TASK ITEM: Print exactly the lines below between the line holding "Los juegos de" and the line holding "اتاق خانوادگی, Success Hostel", inclusive, and nothing more.
** DATA FOR THIS EXERCISE follows **
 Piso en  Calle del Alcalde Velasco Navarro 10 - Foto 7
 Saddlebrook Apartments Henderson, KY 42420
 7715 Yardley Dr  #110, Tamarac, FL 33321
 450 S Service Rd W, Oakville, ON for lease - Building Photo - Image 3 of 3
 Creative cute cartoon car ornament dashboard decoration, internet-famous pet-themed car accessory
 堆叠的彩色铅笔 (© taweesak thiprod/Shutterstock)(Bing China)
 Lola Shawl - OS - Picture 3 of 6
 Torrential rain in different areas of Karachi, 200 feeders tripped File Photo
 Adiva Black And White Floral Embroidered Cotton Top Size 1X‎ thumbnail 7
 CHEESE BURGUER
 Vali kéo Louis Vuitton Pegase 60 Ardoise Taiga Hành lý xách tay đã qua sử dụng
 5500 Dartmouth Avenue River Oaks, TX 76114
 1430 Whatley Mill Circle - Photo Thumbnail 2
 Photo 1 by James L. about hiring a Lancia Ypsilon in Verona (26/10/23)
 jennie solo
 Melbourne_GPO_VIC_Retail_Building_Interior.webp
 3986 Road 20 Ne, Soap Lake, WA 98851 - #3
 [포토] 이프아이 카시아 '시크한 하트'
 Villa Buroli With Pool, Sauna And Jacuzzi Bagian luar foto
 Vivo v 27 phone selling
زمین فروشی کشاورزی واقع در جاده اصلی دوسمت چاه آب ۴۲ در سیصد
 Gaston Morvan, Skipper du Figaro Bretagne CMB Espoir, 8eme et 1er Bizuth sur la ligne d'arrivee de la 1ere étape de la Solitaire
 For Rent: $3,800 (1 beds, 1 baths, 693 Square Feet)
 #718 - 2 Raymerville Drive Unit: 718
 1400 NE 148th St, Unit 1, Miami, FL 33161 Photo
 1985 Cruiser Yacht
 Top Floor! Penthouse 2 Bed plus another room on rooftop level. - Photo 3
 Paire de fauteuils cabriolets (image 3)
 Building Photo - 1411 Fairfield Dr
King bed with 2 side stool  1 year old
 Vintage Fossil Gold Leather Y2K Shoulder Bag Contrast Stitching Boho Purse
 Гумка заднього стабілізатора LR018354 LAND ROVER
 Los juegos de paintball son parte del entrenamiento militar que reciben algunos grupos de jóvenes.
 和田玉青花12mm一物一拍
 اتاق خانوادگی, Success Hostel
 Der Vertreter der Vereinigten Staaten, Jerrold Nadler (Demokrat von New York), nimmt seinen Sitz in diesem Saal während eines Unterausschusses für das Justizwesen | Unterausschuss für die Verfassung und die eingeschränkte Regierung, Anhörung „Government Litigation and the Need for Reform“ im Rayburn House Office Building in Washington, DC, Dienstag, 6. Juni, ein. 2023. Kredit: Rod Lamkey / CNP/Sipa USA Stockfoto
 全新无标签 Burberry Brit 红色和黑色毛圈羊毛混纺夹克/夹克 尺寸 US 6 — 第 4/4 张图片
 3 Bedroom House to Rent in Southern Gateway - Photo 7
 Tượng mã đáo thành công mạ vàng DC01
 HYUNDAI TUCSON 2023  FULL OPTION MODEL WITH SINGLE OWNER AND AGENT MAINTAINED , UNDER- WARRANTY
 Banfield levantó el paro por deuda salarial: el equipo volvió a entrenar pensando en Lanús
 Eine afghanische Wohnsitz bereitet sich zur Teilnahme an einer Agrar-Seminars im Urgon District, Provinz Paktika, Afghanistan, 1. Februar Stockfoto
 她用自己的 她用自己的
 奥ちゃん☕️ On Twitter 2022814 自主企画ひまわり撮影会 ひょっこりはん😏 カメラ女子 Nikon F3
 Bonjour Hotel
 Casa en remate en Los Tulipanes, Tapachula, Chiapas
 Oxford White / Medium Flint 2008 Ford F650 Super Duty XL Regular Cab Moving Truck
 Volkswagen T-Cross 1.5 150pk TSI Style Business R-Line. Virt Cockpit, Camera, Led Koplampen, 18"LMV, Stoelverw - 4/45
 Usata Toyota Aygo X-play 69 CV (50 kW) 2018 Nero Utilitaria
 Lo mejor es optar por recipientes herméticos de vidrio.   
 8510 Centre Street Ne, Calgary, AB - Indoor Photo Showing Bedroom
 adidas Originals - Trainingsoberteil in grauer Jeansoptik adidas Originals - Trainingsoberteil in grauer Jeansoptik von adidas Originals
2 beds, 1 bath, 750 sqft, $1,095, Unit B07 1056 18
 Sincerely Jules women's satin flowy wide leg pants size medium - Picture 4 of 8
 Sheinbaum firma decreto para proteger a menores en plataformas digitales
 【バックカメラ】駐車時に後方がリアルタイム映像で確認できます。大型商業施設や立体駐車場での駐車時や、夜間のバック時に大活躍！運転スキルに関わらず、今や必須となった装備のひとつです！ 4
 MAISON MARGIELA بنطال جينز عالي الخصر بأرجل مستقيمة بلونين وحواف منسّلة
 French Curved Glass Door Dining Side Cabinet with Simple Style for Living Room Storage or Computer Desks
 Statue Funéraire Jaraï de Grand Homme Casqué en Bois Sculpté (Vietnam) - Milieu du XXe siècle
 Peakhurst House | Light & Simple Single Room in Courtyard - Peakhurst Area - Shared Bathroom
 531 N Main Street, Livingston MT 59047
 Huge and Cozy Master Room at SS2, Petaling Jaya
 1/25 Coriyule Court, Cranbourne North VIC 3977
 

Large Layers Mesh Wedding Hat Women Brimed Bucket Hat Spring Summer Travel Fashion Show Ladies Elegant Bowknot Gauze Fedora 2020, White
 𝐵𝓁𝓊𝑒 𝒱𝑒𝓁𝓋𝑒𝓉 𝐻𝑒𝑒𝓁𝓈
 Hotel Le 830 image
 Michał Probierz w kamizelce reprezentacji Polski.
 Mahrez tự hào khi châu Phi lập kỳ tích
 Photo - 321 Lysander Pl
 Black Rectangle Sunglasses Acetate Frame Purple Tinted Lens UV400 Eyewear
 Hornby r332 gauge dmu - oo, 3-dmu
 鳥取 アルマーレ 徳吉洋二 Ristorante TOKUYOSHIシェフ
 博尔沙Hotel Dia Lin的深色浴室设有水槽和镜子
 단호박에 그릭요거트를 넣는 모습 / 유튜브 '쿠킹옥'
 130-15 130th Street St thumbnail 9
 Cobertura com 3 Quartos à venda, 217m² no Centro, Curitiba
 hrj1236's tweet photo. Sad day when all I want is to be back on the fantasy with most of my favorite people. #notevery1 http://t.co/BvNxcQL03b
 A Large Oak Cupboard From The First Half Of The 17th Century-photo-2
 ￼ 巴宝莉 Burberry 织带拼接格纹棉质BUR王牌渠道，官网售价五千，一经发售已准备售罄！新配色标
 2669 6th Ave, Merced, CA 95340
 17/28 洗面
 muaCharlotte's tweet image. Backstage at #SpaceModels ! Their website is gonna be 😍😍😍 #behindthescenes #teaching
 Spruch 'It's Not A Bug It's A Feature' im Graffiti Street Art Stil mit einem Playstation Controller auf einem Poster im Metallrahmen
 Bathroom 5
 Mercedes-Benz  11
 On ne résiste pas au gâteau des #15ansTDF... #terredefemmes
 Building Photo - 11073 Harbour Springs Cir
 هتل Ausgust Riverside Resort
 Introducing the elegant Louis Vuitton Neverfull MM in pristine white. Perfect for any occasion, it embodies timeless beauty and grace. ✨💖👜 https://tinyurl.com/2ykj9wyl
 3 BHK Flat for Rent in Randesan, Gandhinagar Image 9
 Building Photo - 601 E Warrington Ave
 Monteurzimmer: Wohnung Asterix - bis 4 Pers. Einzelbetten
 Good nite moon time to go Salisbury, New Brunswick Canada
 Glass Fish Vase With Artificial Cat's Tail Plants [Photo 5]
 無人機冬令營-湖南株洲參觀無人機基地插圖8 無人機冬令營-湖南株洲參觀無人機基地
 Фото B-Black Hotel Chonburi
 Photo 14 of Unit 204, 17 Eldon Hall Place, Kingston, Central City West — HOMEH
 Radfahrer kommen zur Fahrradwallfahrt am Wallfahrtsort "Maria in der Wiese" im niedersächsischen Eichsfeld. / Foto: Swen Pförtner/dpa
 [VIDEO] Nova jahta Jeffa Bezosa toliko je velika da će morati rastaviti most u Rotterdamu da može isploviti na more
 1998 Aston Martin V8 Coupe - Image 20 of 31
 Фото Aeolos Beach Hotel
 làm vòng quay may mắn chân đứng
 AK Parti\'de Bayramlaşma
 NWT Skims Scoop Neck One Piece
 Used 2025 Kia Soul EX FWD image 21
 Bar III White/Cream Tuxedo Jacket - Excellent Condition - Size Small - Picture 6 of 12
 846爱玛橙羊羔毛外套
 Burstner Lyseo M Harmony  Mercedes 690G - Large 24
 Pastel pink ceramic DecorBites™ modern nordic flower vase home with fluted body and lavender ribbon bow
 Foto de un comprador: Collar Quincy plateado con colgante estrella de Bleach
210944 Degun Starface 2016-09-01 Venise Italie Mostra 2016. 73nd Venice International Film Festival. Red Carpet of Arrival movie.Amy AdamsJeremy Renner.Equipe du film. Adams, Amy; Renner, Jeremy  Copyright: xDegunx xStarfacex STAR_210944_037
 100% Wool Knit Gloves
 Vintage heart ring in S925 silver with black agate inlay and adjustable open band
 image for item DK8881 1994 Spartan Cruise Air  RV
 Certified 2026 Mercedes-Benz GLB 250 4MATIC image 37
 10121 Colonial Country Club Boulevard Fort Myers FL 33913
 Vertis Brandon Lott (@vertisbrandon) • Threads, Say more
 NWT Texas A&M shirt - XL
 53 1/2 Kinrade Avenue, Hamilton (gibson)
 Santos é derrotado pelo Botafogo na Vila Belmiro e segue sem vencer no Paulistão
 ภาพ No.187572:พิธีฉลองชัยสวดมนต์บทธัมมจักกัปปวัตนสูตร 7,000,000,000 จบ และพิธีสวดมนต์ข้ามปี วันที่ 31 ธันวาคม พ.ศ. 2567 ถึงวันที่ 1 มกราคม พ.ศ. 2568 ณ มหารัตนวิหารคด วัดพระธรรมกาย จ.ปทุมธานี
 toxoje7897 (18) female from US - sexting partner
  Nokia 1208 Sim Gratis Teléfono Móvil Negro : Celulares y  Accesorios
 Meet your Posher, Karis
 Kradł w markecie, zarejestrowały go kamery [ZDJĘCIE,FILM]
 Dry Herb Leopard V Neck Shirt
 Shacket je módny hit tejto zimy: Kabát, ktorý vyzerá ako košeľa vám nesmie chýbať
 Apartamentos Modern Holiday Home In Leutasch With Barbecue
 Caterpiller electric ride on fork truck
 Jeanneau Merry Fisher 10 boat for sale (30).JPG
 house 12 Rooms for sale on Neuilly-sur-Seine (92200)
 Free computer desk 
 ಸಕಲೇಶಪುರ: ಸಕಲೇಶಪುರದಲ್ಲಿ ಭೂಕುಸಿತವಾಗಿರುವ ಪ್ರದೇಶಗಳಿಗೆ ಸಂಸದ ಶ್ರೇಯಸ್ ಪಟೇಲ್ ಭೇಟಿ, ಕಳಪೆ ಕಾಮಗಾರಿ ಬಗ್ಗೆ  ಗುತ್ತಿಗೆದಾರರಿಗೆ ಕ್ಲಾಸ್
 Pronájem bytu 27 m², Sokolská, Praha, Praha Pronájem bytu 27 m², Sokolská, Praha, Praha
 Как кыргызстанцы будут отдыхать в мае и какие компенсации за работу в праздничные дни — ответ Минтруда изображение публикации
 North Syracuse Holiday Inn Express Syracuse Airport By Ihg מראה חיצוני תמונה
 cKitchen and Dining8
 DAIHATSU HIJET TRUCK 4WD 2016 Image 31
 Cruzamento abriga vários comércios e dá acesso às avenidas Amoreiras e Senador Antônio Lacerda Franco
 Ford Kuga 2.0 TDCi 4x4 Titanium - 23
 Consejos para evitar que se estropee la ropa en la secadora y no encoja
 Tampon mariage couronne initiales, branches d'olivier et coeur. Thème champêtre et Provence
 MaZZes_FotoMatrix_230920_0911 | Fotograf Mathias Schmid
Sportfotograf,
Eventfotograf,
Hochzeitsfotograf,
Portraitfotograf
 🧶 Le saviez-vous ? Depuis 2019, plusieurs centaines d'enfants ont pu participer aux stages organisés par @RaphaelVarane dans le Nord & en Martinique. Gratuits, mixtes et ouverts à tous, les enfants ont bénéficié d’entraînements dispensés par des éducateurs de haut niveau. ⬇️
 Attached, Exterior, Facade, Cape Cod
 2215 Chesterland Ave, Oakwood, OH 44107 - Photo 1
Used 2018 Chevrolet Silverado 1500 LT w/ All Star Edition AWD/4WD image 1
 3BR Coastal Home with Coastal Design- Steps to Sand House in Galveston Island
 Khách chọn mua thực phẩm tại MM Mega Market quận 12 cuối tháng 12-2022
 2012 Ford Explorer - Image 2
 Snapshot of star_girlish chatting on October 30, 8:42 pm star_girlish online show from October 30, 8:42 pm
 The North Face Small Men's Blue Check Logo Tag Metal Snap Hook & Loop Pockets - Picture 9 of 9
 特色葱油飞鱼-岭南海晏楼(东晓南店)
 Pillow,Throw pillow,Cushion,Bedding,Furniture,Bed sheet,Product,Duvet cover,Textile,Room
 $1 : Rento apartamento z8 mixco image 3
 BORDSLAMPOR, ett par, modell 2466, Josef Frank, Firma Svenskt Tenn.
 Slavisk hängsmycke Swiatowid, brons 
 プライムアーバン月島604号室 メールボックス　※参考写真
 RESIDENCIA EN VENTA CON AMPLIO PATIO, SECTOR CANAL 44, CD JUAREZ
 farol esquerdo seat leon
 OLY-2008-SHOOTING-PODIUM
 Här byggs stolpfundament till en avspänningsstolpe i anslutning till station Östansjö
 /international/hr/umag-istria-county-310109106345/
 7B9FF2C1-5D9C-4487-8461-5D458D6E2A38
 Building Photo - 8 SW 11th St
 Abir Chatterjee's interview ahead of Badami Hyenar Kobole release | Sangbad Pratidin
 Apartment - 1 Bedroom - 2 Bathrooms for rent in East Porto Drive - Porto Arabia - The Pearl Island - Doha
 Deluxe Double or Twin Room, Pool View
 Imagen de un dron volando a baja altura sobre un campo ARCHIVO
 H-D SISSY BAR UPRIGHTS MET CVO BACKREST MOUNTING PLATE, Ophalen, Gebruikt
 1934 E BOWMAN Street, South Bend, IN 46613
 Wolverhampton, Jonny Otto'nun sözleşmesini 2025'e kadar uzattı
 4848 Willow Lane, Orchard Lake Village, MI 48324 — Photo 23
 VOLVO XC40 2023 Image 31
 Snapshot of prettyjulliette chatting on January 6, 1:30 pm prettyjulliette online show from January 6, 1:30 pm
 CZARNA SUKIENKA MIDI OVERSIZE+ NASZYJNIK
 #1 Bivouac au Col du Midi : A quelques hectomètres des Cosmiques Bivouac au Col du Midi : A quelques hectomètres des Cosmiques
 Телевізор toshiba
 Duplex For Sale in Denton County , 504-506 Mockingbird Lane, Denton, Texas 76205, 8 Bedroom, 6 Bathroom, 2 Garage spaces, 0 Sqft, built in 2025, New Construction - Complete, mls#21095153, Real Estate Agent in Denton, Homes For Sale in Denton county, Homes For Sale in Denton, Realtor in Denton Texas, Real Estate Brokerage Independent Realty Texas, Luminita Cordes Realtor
** End of DATA FOR THIS EXERCISE **
RESULT OF THIS EXERCISE:
 Los juegos de paintball son parte del entrenamiento militar que reciben algunos grupos de jóvenes.
 和田玉青花12mm一物一拍
 اتاق خانوادگی, Success Hostel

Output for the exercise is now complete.